The researchers used an experimental set-up that they compare to a pinball machine, with balls moving around in a closed space. In a standard pinball machine, however, the balls are launched one at a time and bounce from one obstacle to the next. In the experimental system, thousands of tiny beads move almost imperceptibly due to the gentle shaking of the container in which they are held, colliding with each other and with the container walls. Because the beads are not perfectly elastic, energy is dissipated during these collisions. Only the external vibration of the container maintains the beads’ chaotic motion; if the container isn’t constantly shaken, the beads quickly stop moving.

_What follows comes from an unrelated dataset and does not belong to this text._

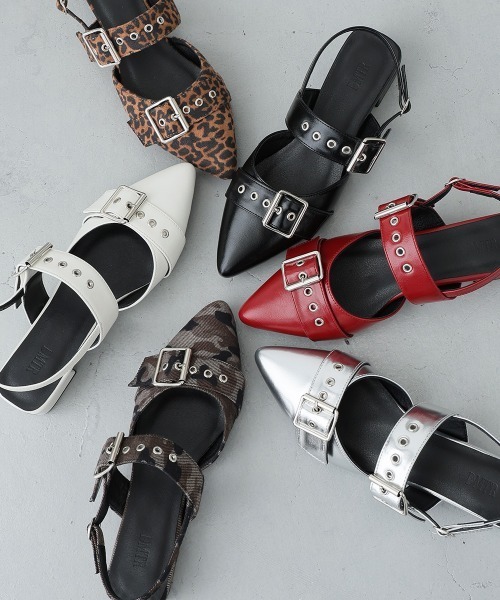 DEMETER(デメテル)の「【新色追加】ポインテッドトゥ バックルベルト ストラップパンプス(パンプス・レディース・ブラック/シルバー/ワインレッド/ホワイト/レオパード/カモフラージュ・LL/L/M/S)」の3枚目の写真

In this experimental model of a non-equilibrium system, the researchers used a device called a torsion oscillator to act as a thermometer. The torsion oscillator—a wire with a cone-shaped probe at the end—was immersed in the container of beads. When the container was shaken, the beads bombarded the probe, causing the wire to oscillate back and forth like a clock spring.

By looking at the resulting motion of the wire, the scientists were able to determine whether the measured “temperature” followed the rules one would expect in an equilibrium energy conserving system —a system in which energy is not dissipated in collisions. To their surprise, they found that temperature did follow the expected rules, leading them to conclude that even for a dissipative system, a few parameters—such as temperature—can be used to extract essential information concealed in the disordered motion of billions of particles.

In addition to Nori of the Institute of Physical and Chemical Research (RIKEN) in Japan and the Center for Theoretical Physics at the University of Michigan, the research team included: Gianfranco D’Anna and Patrick Mayor of the Ecole Polytechnique Federale de Lausanne in Lausanne, Switzerland; Alain Barrat of the Universite de Paris-Sud in Paris, France; Vittorio Loreto of the Center for Statistical Mechanics and Complexity in Rome, Italy; and Franco Nori of the Institute of Physical and Chemical Research (RIKEN) in Japan and the.

The researchers hope their results will stimulate new ideas in the description of non-equilibrium physics.